Category 4: Lease-Specified Provisions
Any other amounts or remedies specifically provided in the lease, to the extent not otherwise prohibited by law. Commercial leases frequently contain liquidated damages clauses, specific damage formulas, or rent acceleration provisions.
What Landlords Cannot Recover
Under Civil Code §1951.2(b), any amount of rental loss after the date of termination that the tenant proves could have been reasonably avoided is not recoverable.
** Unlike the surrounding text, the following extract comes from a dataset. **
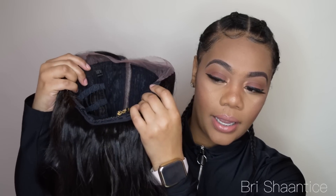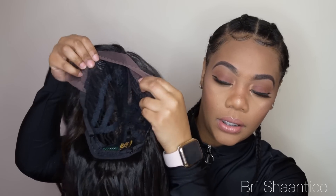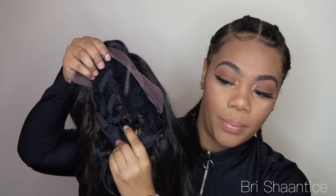This is what the unit looks like. It has the lace there, and it looks like there are two combs in the front for security and one in the back, and also some adjustable straps as well.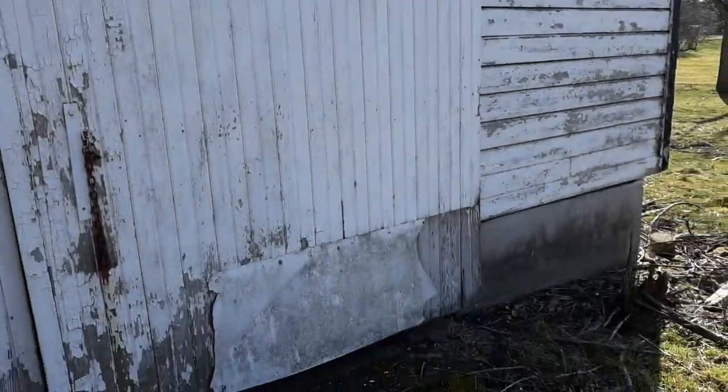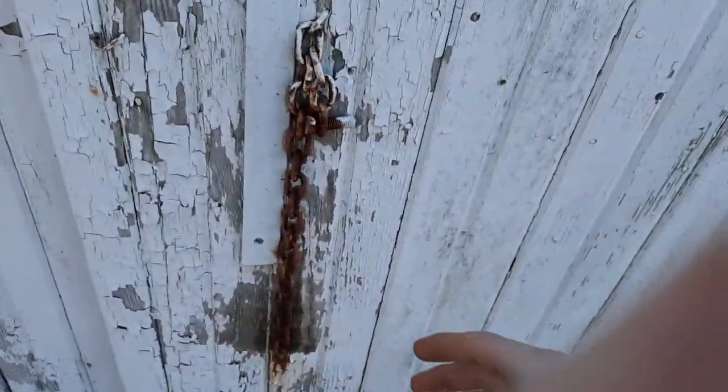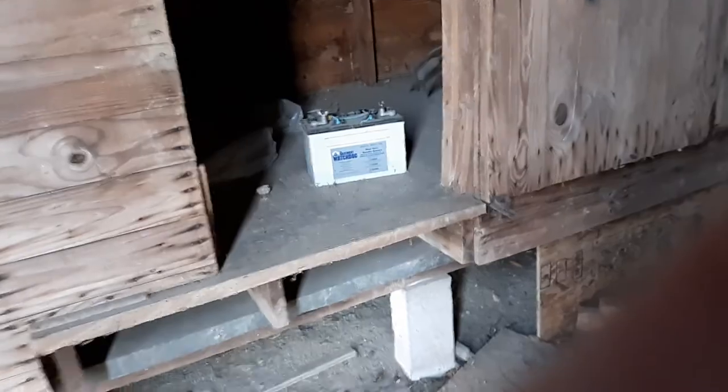This is the corn crib. I'm on my aunt's farm and I found an antique cultivator in here — I just thought it looked really cool and wanted to show you guys. I don't know if you'll be able to see very well, but it's in there.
This is the mitigation defense — the tenant bears the burden of proving the landlord failed to mitigate.
Civil Code §1951.4 — The Landlord's Duty to Mitigate
What is the Duty to Mitigate?
Under Civil Code §1951.4, a California commercial landlord who terminates a lease due to the tenant's breach must make reasonable efforts to re-let the property at a reasonable rent before seeking future rent damages from the tenant. This obligation exists regardless of what the lease says — it is a statutory duty that cannot be waived in the lease.
What Counts as Reasonable Mitigation?
Courts evaluate mitigation efforts based on what a reasonably prudent landlord would do in similar circumstances:
- Listing the property with a commercial real estate broker promptly after eviction
- Marketing at market rate (not at an inflated rate that deters prospective tenants)
- Responding to and pursuing legitimate inquiries from prospective tenants
- Making necessary cosmetic improvements or repairs to make the space leasable
- Accepting reasonable lease terms from qualified replacement tenants
What Does NOT Constitute Adequate Mitigation?
- Listing the property at significantly above-market rent
- Refusing to consider qualified tenants for pretextual reasons
- Leaving the property vacant with no active marketing efforts
- Demanding lease terms materially different from market standards
Who Bears the Burden of Proof on Mitigation?
Under Civil Code §1951.2(a), the tenant bears the burden of proving that the landlord failed to mitigate and that rental losses could have been reasonably avoided. The landlord does not have to prove it mitigated — the tenant must prove it didn't. However, landlords who fail to document mitigation efforts create easy targets for this defense.